- [Task prompt] With the pictures removed, retype the lines from the one holding "BB1EA033E1 航海日記浪漫條紋獨家logo燒花洋裝 ( 附布腰帶" through the end of the records, exactly as written.

- [Data supplied]
········
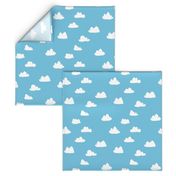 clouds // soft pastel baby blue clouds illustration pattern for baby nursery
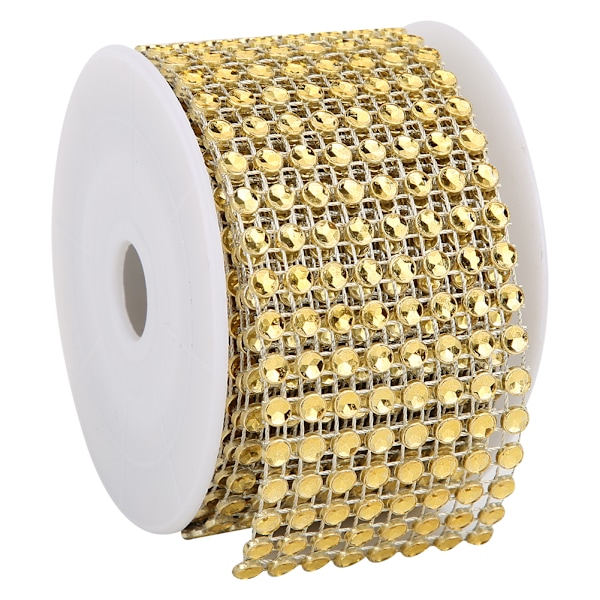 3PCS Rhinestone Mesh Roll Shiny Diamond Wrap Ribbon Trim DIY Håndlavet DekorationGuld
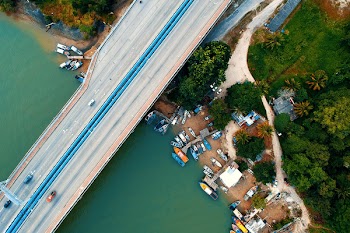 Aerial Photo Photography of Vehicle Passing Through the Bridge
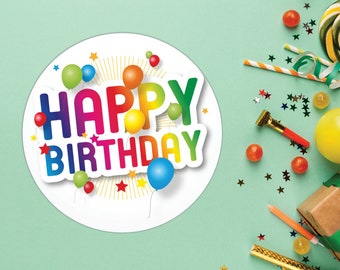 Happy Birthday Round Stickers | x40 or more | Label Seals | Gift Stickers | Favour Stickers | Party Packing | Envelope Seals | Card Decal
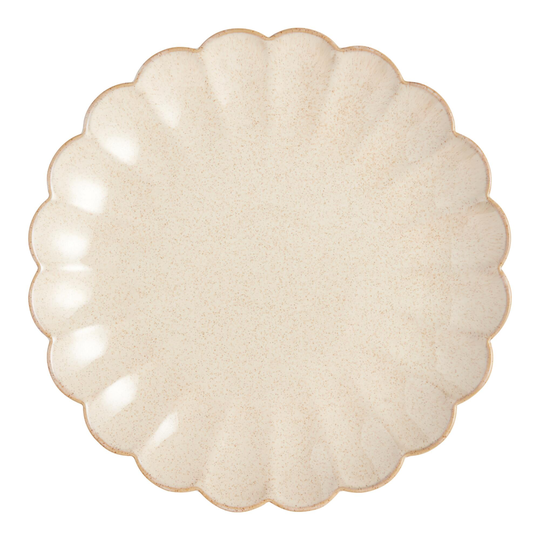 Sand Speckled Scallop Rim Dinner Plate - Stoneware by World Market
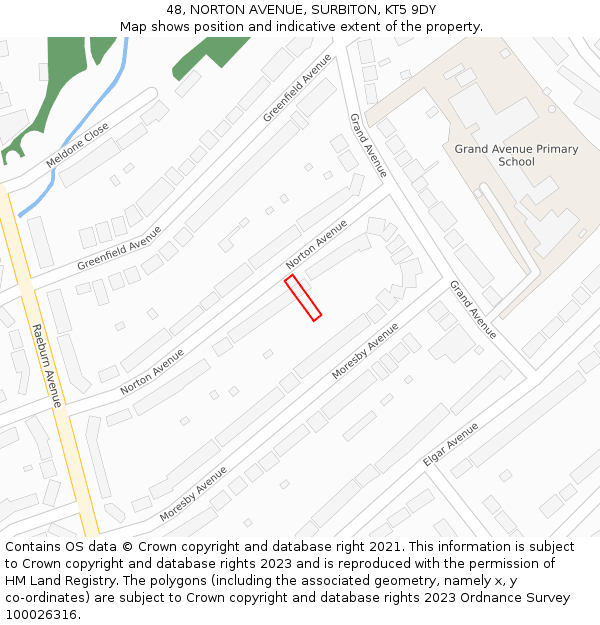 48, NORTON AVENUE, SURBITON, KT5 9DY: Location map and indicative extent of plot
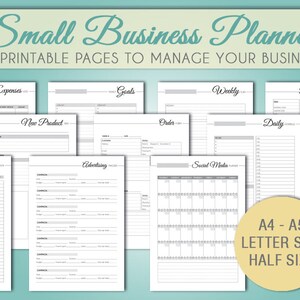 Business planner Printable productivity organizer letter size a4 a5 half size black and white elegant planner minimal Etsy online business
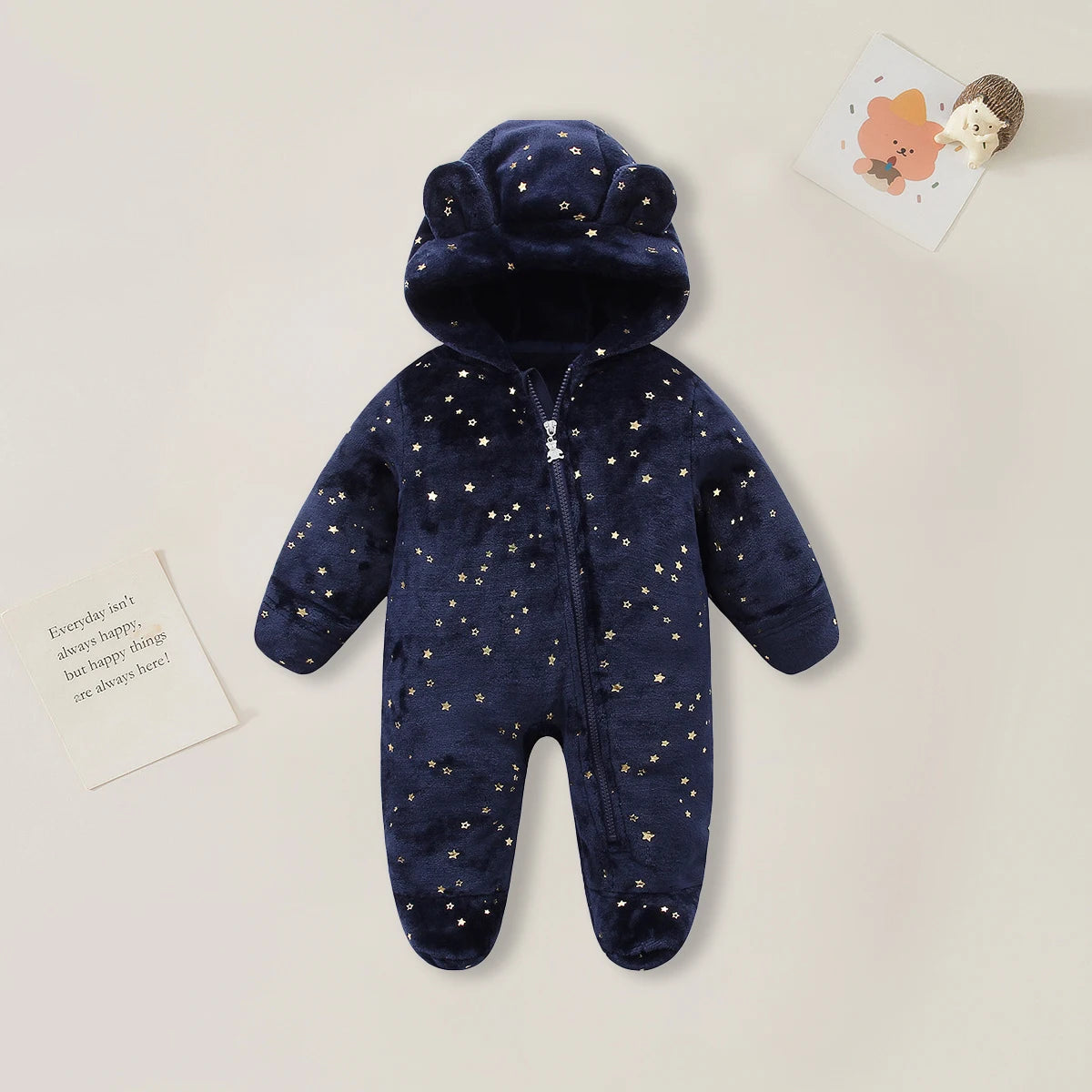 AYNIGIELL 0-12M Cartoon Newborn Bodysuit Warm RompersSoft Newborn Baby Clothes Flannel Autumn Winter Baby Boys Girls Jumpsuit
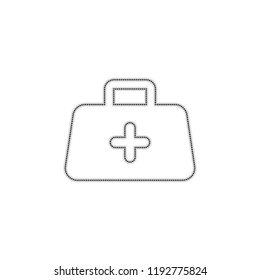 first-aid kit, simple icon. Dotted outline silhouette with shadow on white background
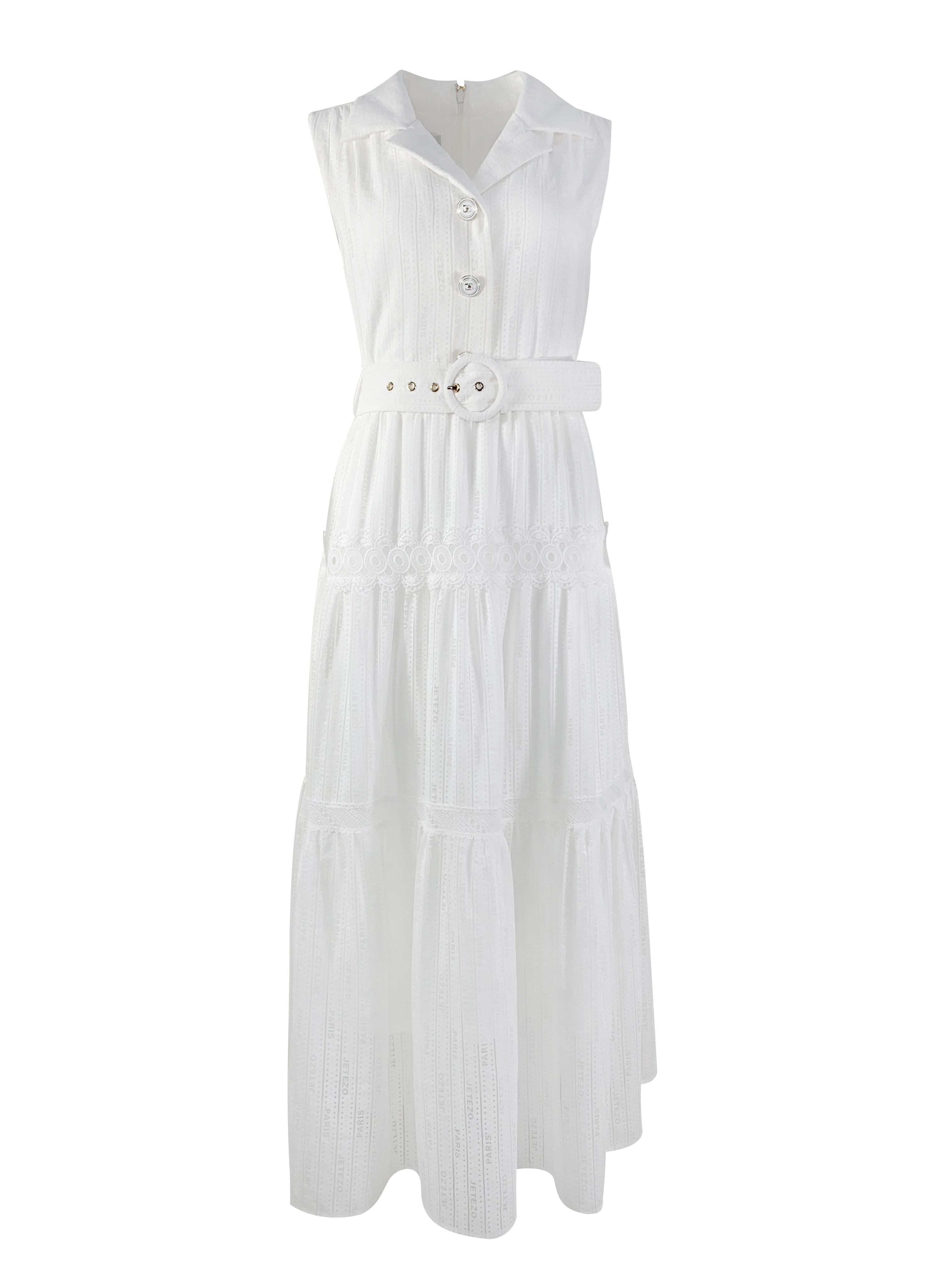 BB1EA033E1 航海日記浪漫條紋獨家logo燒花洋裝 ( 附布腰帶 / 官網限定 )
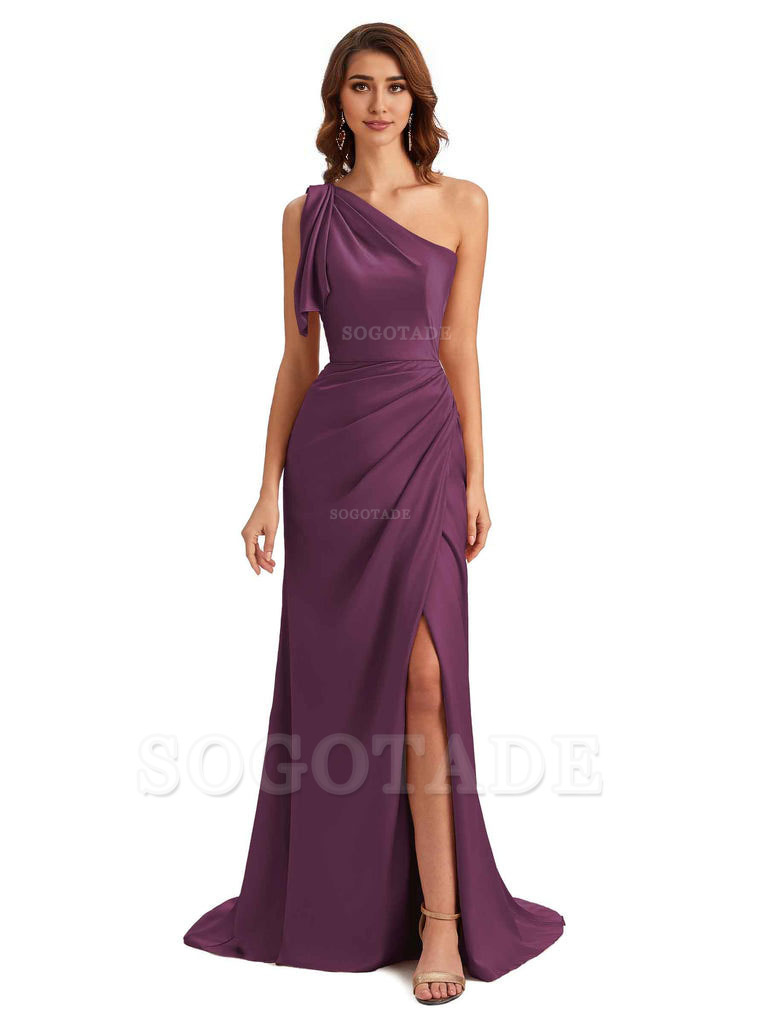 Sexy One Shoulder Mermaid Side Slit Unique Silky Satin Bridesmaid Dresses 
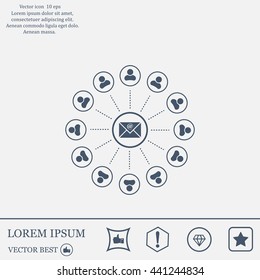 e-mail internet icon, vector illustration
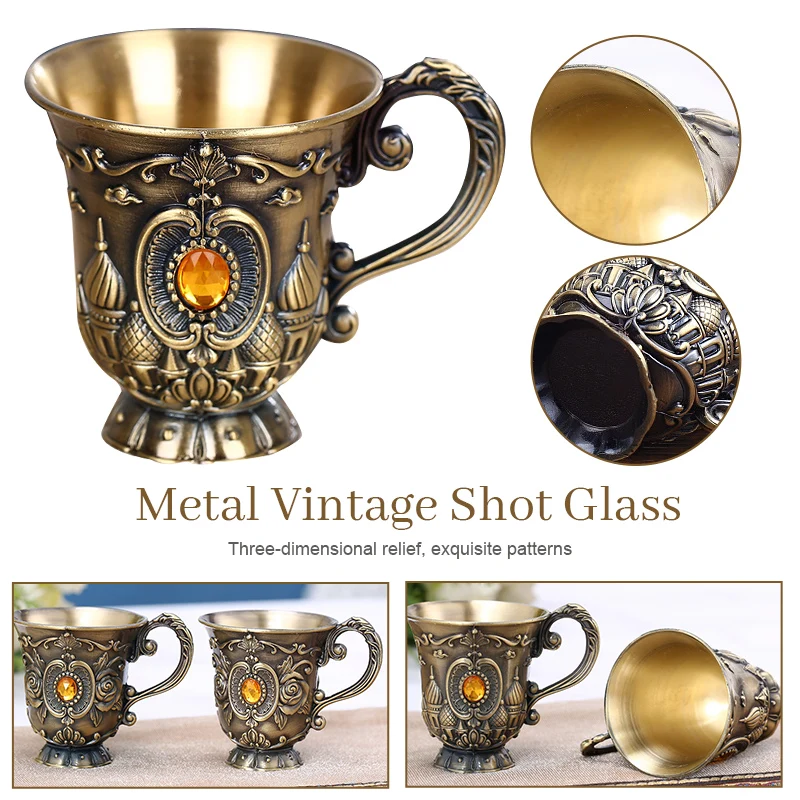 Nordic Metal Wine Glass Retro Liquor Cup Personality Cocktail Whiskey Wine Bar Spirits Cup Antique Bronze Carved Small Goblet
········
- [Exercise result]
 BB1EA033E1 航海日記浪漫條紋獨家logo燒花洋裝 ( 附布腰帶 / 官網限定 )
 Sexy One Shoulder Mermaid Side Slit Unique Silky Satin Bridesmaid Dresses 
 e-mail internet icon, vector illustration
 Nordic Metal Wine Glass Retro Liquor Cup Personality Cocktail Whiskey Wine Bar Spirits Cup Antique Bronze Carved Small Goblet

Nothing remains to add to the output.